• **ACTIVITY**: Consider the listing below. Extract exactly the lines from the line containing "Come migliorare la" to the line containing "Ben Merkezli Acılar", both included.

[Start of Attachment]

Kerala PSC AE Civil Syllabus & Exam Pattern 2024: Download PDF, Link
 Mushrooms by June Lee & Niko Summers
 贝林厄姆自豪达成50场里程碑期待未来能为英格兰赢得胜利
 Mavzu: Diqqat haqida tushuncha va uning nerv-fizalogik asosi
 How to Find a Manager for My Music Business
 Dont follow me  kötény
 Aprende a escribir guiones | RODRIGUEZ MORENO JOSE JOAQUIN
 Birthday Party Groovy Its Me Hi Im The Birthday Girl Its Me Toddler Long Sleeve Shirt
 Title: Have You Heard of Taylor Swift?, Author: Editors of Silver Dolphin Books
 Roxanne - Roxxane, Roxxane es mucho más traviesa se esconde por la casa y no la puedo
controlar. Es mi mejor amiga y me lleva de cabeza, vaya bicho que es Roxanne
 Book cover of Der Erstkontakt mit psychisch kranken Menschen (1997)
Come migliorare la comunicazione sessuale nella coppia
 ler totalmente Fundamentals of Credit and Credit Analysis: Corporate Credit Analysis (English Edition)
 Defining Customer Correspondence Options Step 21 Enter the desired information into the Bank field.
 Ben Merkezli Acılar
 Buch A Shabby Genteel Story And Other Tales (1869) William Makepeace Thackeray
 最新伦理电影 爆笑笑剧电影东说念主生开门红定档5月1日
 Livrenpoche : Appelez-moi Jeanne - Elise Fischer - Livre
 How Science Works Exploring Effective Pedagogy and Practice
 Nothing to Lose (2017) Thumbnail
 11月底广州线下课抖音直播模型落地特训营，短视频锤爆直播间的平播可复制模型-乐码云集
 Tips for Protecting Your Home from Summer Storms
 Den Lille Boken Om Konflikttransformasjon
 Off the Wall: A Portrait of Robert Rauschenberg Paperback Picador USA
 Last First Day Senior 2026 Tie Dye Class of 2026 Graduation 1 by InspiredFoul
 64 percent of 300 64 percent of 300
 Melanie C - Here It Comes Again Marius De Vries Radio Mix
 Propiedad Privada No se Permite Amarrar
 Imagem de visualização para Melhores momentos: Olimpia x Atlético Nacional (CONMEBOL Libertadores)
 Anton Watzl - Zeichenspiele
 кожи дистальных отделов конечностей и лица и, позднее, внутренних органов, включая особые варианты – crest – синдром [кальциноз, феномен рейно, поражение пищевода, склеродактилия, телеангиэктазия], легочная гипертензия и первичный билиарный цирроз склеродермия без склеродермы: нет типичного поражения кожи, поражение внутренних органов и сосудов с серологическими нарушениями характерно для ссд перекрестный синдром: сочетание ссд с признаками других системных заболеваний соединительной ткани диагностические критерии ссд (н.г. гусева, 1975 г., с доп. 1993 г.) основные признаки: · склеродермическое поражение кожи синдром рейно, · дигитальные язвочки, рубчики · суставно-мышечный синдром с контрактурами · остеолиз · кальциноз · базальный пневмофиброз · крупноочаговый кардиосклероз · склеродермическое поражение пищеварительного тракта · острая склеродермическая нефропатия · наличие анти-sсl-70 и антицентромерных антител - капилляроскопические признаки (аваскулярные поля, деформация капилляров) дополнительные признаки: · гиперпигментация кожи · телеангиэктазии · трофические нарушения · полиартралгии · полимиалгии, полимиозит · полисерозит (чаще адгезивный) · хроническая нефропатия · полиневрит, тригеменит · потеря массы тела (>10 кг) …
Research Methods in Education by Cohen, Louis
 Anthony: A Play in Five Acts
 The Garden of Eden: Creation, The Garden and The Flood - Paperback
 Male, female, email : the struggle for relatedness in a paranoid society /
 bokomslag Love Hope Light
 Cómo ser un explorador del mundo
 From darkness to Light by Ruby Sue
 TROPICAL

[End of Attachment]

• **TASK SOLUTION**:
Come migliorare la comunicazione sessuale nella coppia
 ler totalmente Fundamentals of Credit and Credit Analysis: Corporate Credit Analysis (English Edition)
 Defining Customer Correspondence Options Step 21 Enter the desired information into the Bank field.
 Ben Merkezli Acılar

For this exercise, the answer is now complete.